This is a French 19th century art glass jug or pitcher made of a light blue glass that does not appear to be milk glass. The date is circa 1885, however it may date earlier to circa 1870.
The pitcher is 8 ½" high and 7" wide at the belly.
The shape is one of a round belly, a tall neck, a tiny spout, a smooth rim and a clear handle.
The glass is not totally opaque. If you hold the pitcher up and peer down through it, you can see your fingers on the outside of the glass.
The painting on the glass is beautifully done, in shades of blue with strokes of white enamel in raised relief. There are large leaves and grassy leaves and large petal flowers. The detail is exquisite and the blue shading is perfection.

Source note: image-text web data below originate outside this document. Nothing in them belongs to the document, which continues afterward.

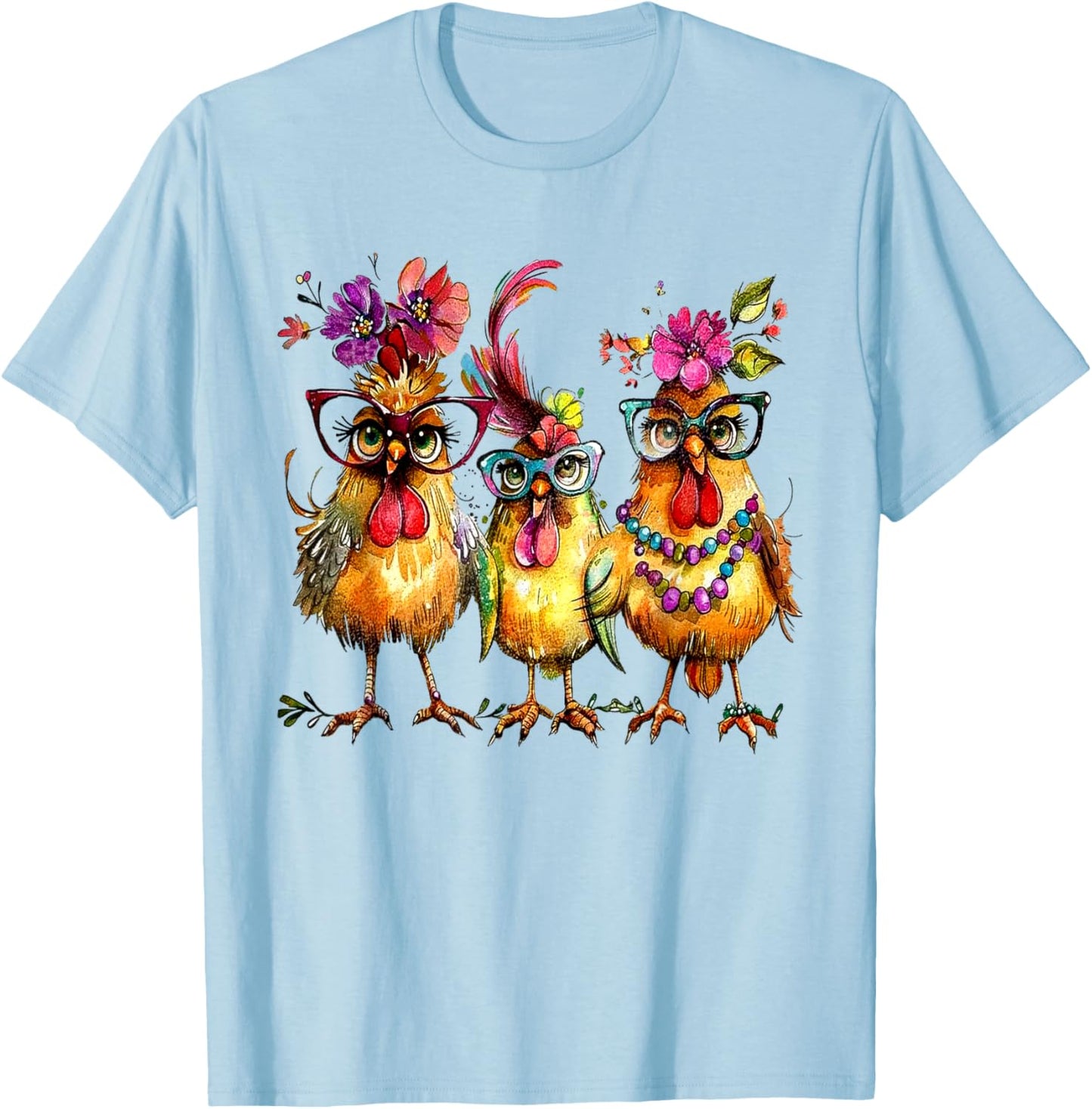 PeachBruh Funny Trio Of Chickens Whimsical Hawaii Beach Art T-Shirt - T-Shirt | Light Blue
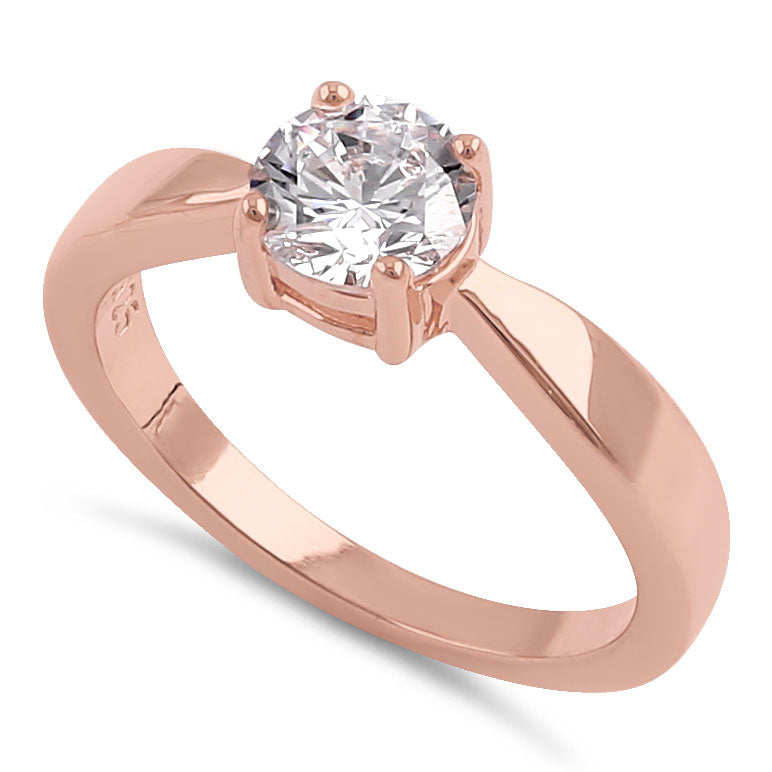 Sterling Silver 6mm Round Clear CZ Rose Gold Plated Ring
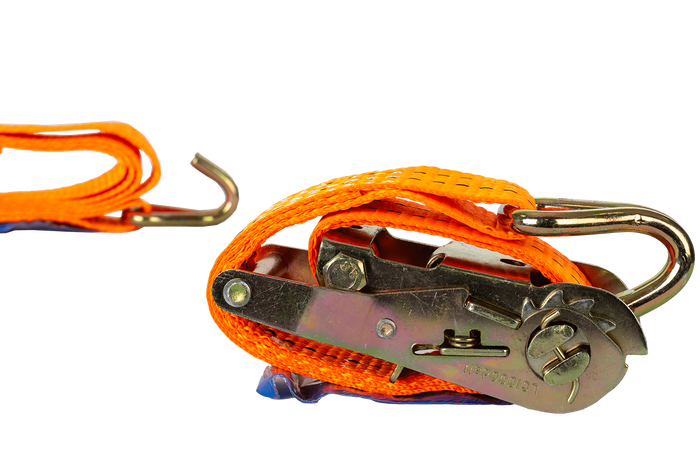 Ensemble de quatre courroies de transport UNITRAILER orange de 2 m/35 mm/2 t avec tendeur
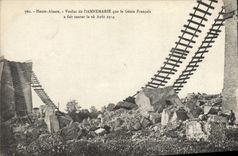 CPA Militaria Haute Alsace Viaduc de Dannemarie que le Genie Francais a fait sauter le 26 aout 1914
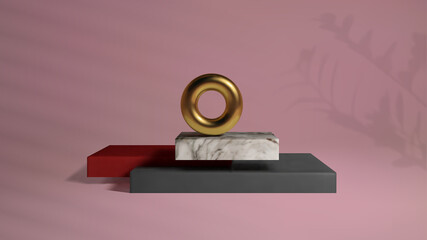 Abstract gold torus on luxury mock up stage. Platform vector 3d render podium on pink background in 3d style. Cosmetic background podium. Platform studio vector illustration.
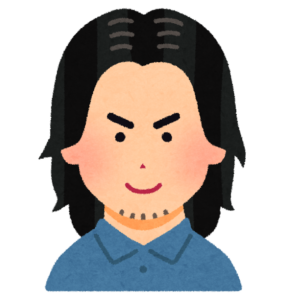 髪を長く伸ばした男性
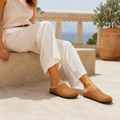 Annecy women's caramel leather sandals side profile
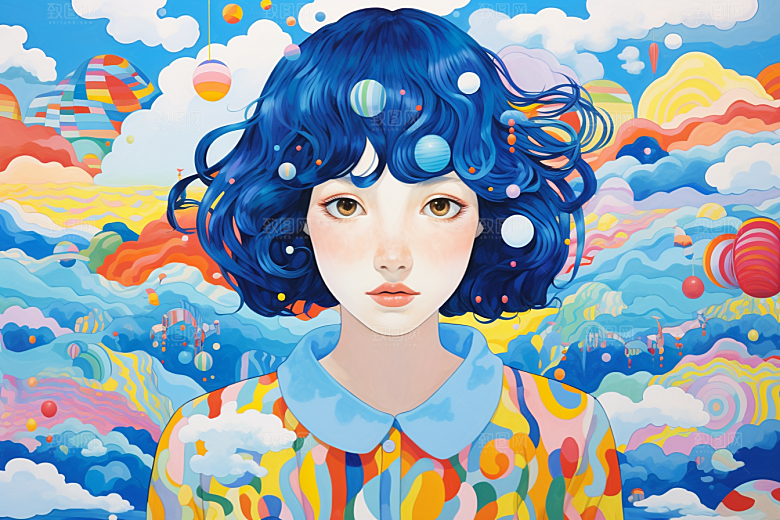 多巴胺女孩缤纷五彩斑斓插画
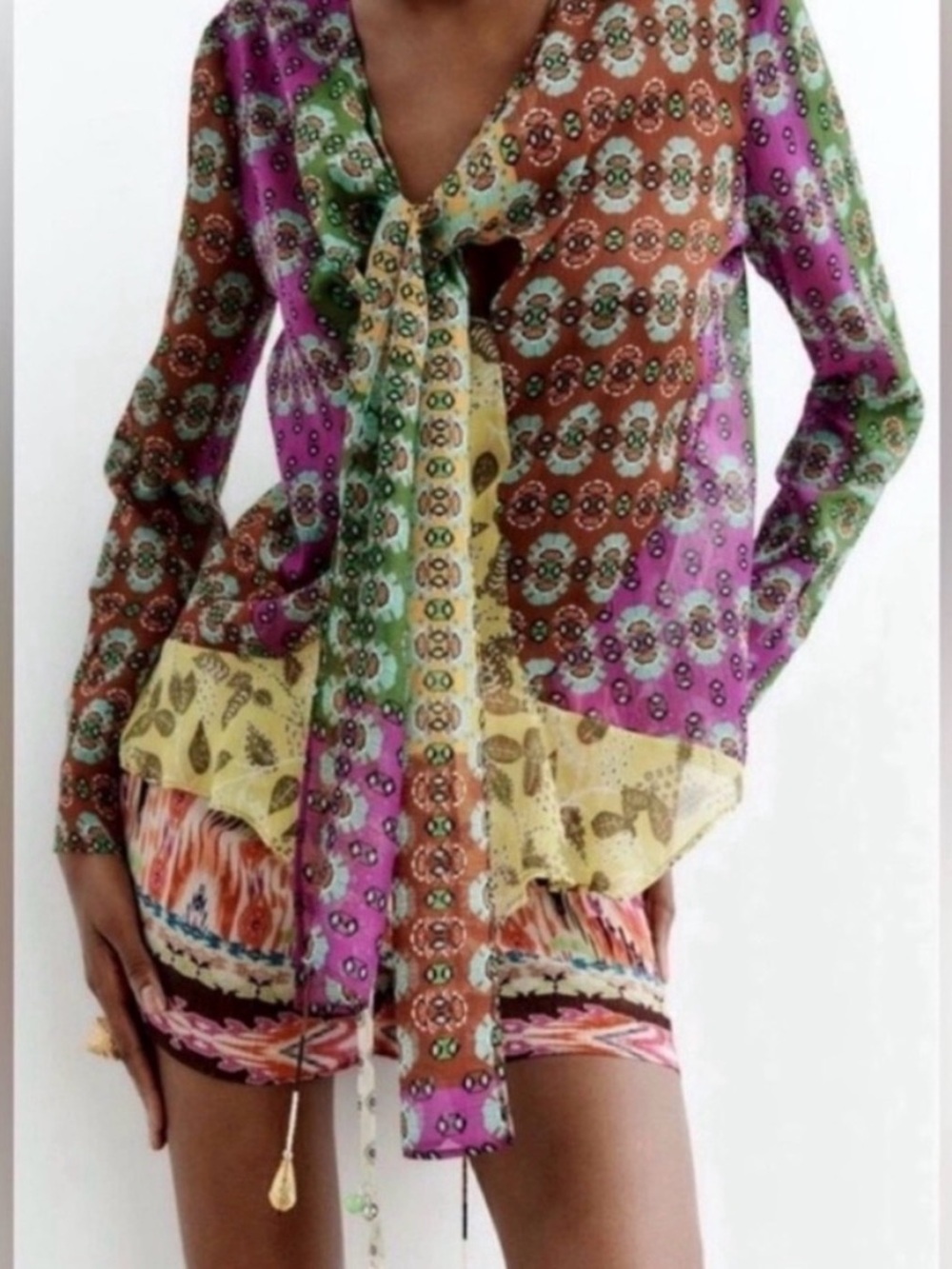 Zara Printed Tie-Neck Blouse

The top inside of the applied clear glass handle has a fold in the glass, which is part of the glassmaking process when the handle was applied to the body of the pitcher. There is an air bubble inside the handle and a tiny bump of white enamel on the exterior. The inside of the pitcher has some estate staining and residue. There is a fold in the glass on the mouth, along with a few indentations in the glass that were painted over in the same blue as the flowers, so again, part of the glassmaking process. The outside of the vase has a few small areas of paint residue, one small popped air bubble, and some estate dirt.
The pontil is round, indented, polished smooth, but with a few remaining abrasions from the pontil snap-off. The color of the inside of the pontil is a pale blue, almost white, with blue showing again at the bottom. This might mean the glass is of three thin layers, blue-white-blue, but I am not certain, just mentioning the possibility because of what can be seen in the pontil.